Celejar put forth on 12/21/2009 9:13 PM:

> I run desktops / laptops, and I always build netfilter - I run
> shorewall on all my boxes.

For me, the firewall is always going to be upstream of desktops in a properly
configured infrastructure.  WRT laptops, I guess it couldn't hurt to run a local
packet filter, dropping junk destined for listening daemons.

> Hm, I tend to build everything that I possibly can (that I'm building
> at all, that I plan to actually use) as modules.  Perhaps I should try
> building them into the kernel to see if there's a performance gain, but
> one reason that I like modules is that it makes for easy resetting of a
> driver - 'modprobe -r somemodule && modprobe somemodule'.  Is there
> generally a way to do this with built-in modules?

That's one reason most people like modules, and they make sense, driver modules
that is, for laptops and desktops where folks will be plugging and chugging
various hardware regularly, such as USB sticks, printers, cameras, eSATA drives,
PCMCIA cards, cardbus, etc.  Drivers can be loaded and unloaded automatically as
needed.  I build all drivers I'm likely going to need directly into my kernels.
 I include module support strictly for iptables, not drivers.  I hate initrd
kernels.  I prefer LILO not grub.  Running recent kernels with initrd and
modules can cause problems with LILO due to the initrd size.  The Lenny release
notes strongly recommend against using LILO because of this.

> I'm not sure that I understand this - how is it easier to provide a
> security fix for a standard kernel than for a custom built one?  In
> both cases, one needs to obtain fixed code, build it, and replace the
> bad code with the good.  [I'm not arguing with you, just expressing my
> confusion.] ...

Assuming the flaw is in driver code, not core kernel code, if I have all my
drivers built into the kernel at compile time, I have to rebuild everything from
source files to get the security patch included in my new kernel.  With a
prebuilt kernel or a custom kernel that uses driver modules, one should be able
to merely grab a binary only copy of the fixed driver module code, unload the
old driver module, and load the new one.  As I said, I don't run such systems,
so maybe I'm wrong here, but it seems logical that one should be able to do this.
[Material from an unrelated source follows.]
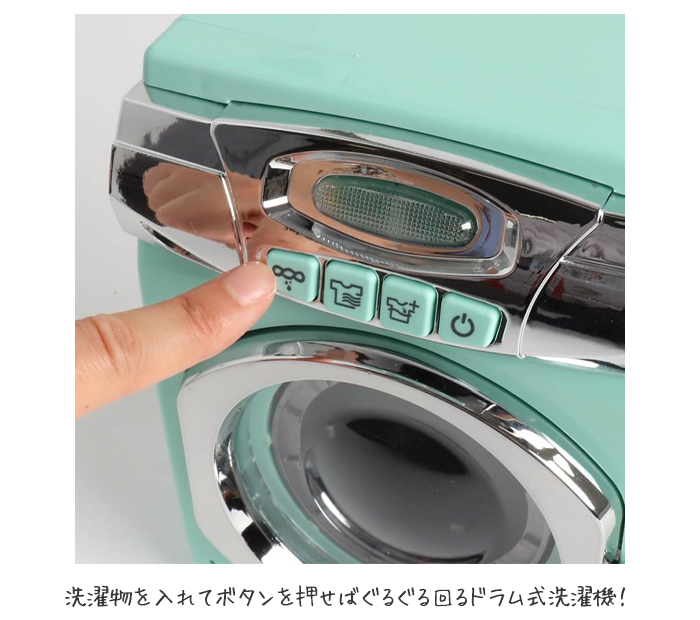 爆安 F.O.TOYBOX コーヒーメーカー エフオーインターナショナル FO オリジナル ままごと キッチンセット  materialworldblog.com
> Agreed, and I get bitten by this all the time.  Worse, often I disable
> some feature that I actually need, and then spend much time and
> aggravation figuring out why something is suddenly broken ... Well, I
> guess that's part of the valuable learning process that we discussed
> earlier :/

I recently went through this on an old IDE only server that didn't have libata
or sata_sil in the kernel.  So, I compiled a new kernel with libata and
sata_sil, but didn't read the help notes thoroughly for libata.  Those notes
state that while libata enables the SCSI layer, one still needs to enable "SCSI
Disk Support" and/or "SCSI CD-ROM Support" for SATA devices to work.  I
overlooked this.  Long story short, I was very upset after installing the SATA
PCI card and new disk, the kernel enumerating them, but not assigning /dev/sdX.
 Much troubleshooting later, I found the help notes for libata in the menu,
enabled SCSI Disk, recompiled, rebooted, and voilla, I had /dev/sda.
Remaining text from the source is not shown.